* **Source data**

───

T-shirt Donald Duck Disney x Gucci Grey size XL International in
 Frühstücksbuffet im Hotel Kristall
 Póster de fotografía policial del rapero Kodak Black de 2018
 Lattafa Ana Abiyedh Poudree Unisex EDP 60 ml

───

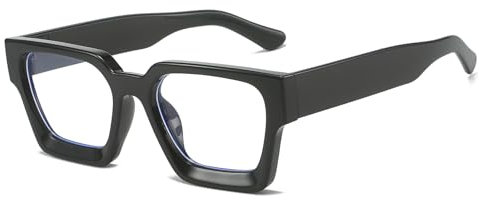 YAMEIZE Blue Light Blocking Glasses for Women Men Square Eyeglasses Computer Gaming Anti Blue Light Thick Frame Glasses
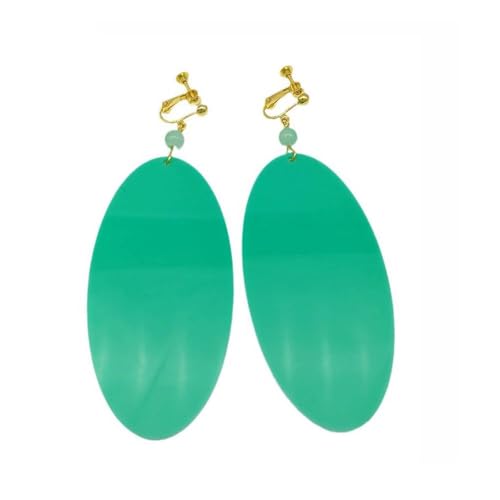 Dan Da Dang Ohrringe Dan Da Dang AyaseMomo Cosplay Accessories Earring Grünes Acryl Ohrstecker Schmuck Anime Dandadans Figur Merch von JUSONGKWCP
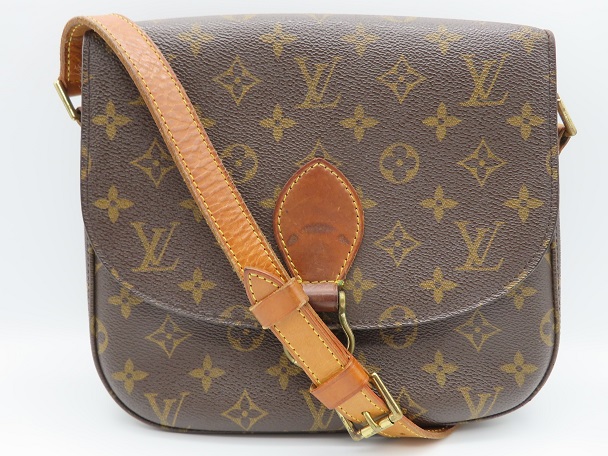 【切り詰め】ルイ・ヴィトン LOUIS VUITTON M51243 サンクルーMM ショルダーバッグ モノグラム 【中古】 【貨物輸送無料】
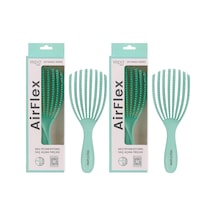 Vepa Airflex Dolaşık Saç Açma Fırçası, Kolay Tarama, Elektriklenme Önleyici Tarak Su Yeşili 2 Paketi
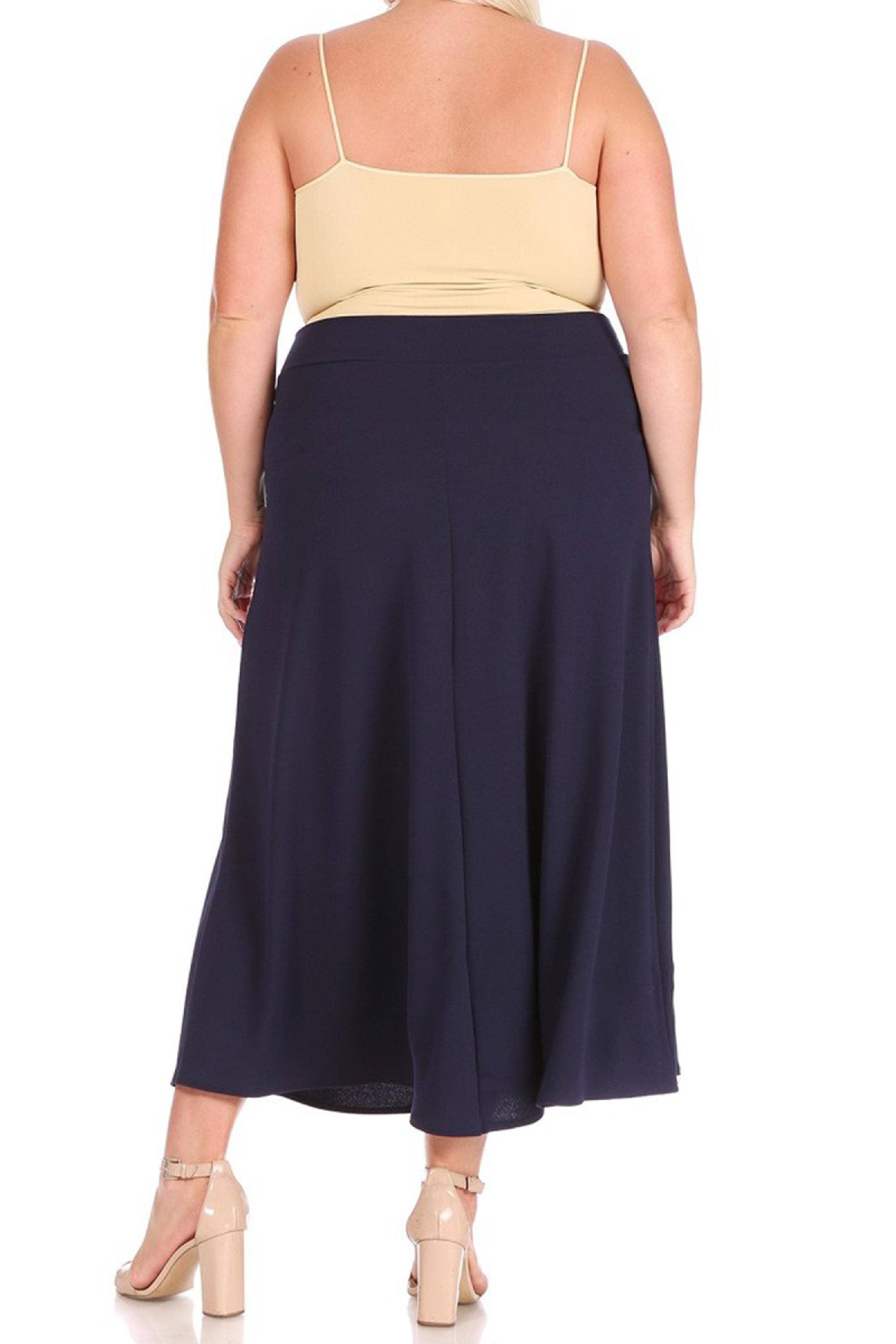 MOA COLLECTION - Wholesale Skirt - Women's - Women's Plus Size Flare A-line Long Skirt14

───

* **Problem requirements**
Retype only the stretch of lines above starting at the one with "T-shirt Donald Duck" and stopping at the one with "Lattafa Ana Abiyedh Poudree Unisex EDP 60 ml", exactly as written, with both kept.

* **Answer box**
T-shirt Donald Duck Disney x Gucci Grey size XL International in
 Frühstücksbuffet im Hotel Kristall
 Póster de fotografía policial del rapero Kodak Black de 2018
 Lattafa Ana Abiyedh Poudree Unisex EDP 60 ml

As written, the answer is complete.